### YOUR TASK
Word for word, copy the listing below and leave out its images.

### DATA EXCERPT
[Start of section]

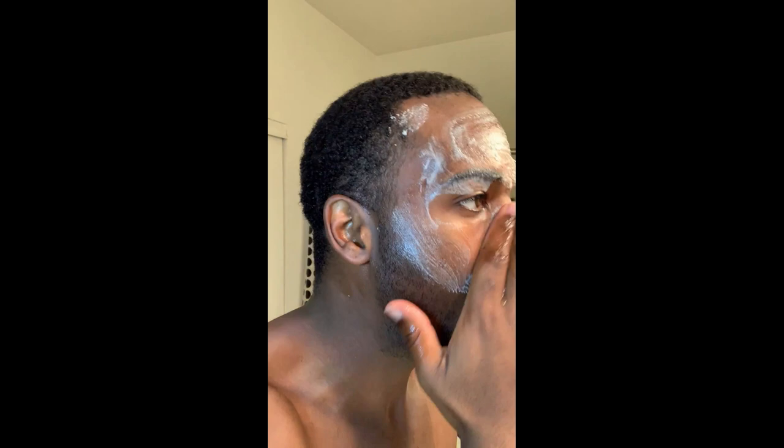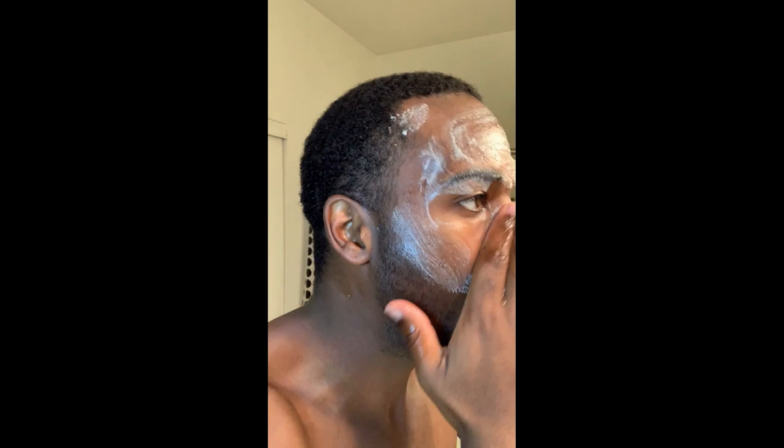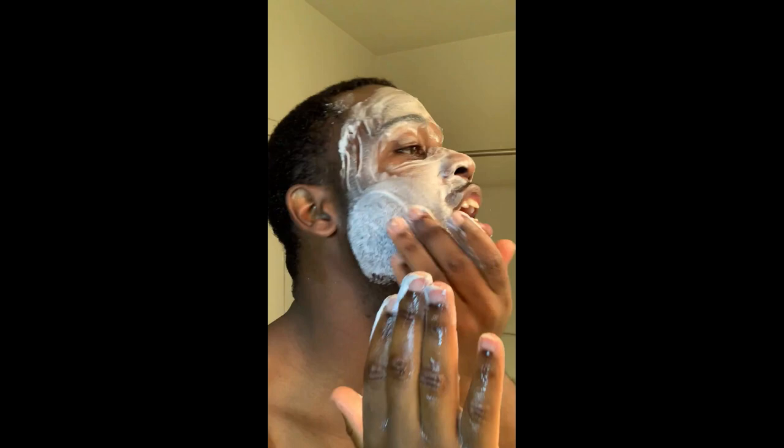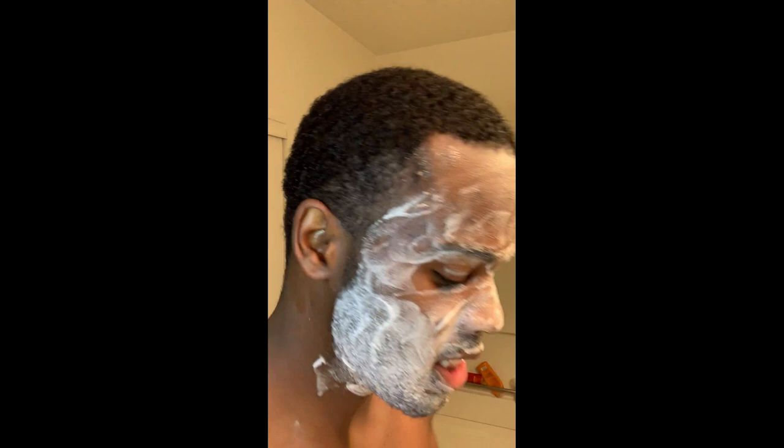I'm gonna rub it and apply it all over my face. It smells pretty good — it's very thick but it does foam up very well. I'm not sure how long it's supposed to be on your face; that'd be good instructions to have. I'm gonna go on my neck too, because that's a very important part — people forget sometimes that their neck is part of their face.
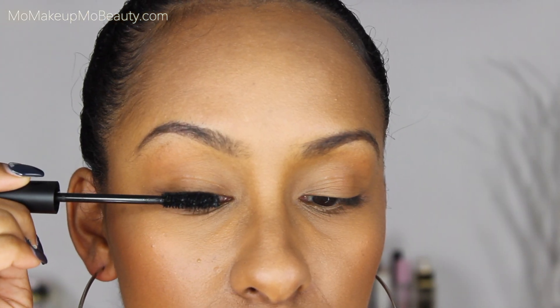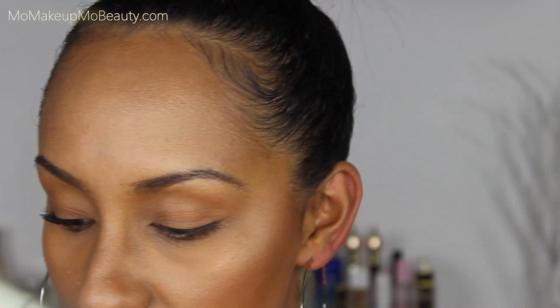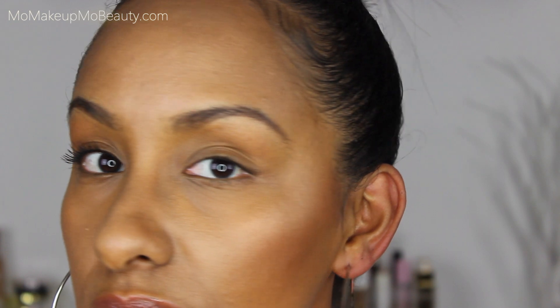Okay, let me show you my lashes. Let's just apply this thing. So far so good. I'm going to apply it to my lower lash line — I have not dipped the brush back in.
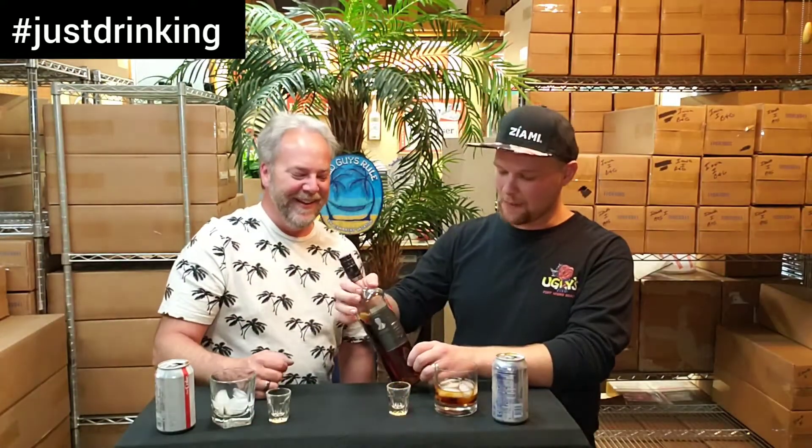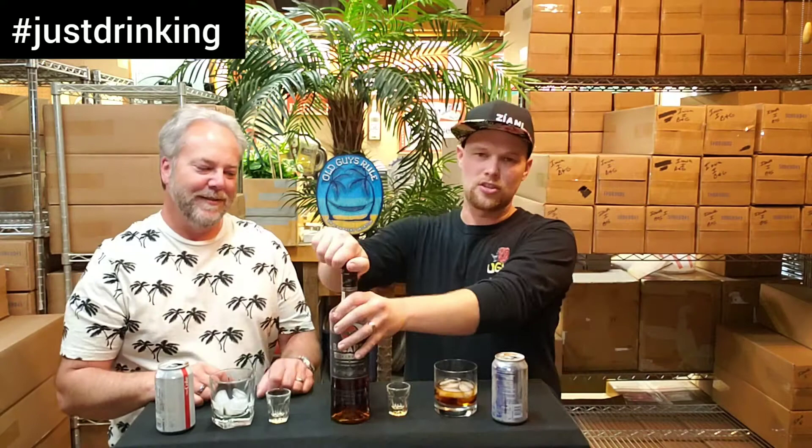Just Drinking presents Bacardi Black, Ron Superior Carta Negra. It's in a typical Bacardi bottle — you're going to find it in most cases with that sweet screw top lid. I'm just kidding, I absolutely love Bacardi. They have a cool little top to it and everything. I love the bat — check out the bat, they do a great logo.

[End of section]

### ANSWER TO THE EXERCISE
I'm gonna rub it and apply it all over my face. It smells pretty good — it's very thick but it does foam up very well. I'm not sure how long it's supposed to be on your face; that'd be good instructions to have. I'm gonna go on my neck too, because that's a very important part — people forget sometimes that their neck is part of their face.
Okay, let me show you my lashes. Let's just apply this thing. So far so good. I'm going to apply it to my lower lash line — I have not dipped the brush back in.
Just Drinking presents Bacardi Black, Ron Superior Carta Negra. It's in a typical Bacardi bottle — you're going to find it in most cases with that sweet screw top lid. I'm just kidding, I absolutely love Bacardi. They have a cool little top to it and everything. I love the bat — check out the bat, they do a great logo.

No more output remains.